LUNA DE LOBOS, de Julio Llamazares
Ahora, anochece ya de nuevo en las montañas. Las sombras se deslizan espesas y profundas. Se funden entre ellas tejiendo una sustancia vegetal —de helechos y de lluvia— que comienza a apoderarse lentamente del hayedo.
Pronto cantará el búho.
Durante largas horas, febril e intermitente, el búho ha cantado sin cesar por todos los hayedos, por todos los senderos, por todas las colladas de la noche. Lo ha hecho casi sin fe —sin descanso, pero sin fe—, empujado solamente por la angustia y la desesperanza.
Y durante largas horas también, por todos los hayedos, por todos los senderos, por todas las colladas de la noche un silencio tenaz, compacto, ha encontrado por única respuesta.
Ha sido al amanecer, cerca de la majada derruida del puerto de Amarza, cuando otro búho invisible ha respondido al fin a su llamada.
Casi a continuación, la figura de Ramiro aparece entre las tapias.
Sabía que, más tarde o más temprano, acabarías pasando por aquí.

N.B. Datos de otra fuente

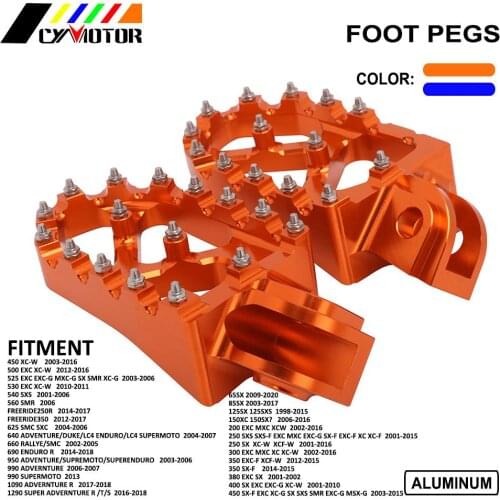 Motorcycle Foot Pegs Footpeg For KTM 65SX 85SX 125SX 125SXS 150XC Husqvarna TC65 TC85 FC Beta RR 2T 125-300 RR 4T 125-500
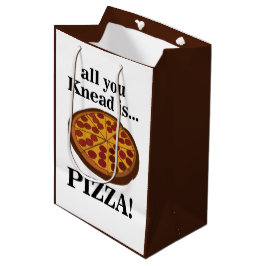 Sacola Para Presentes Média Festa de Comida da Pepperoni Pizza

Ha empezado a amanecer y una luz dulce y lechosa ilumina en su cara una sonrisa.
—Yo no estaba tan seguro de encontrarte. Vi cómo se llevaban en el caballo dos cadáveres.
El dueño del caserío y el Francés. Imagino que sería el Francés. Pasaron cerca de mí.
Y luego, sin dejar de sonreír:
—¿Sabes? Estuve a punto de confundirte.
—¿Con quién?
—Con el búho. Cantas ya tan bien como él.
—Sí, claro —le digo, recostándome, agotado, contra la tapia—. Y corro como el rebeco, y oigo como la liebre, y ataco con la astucia del lobo. Soy ya el mejor animal de todos estos montes.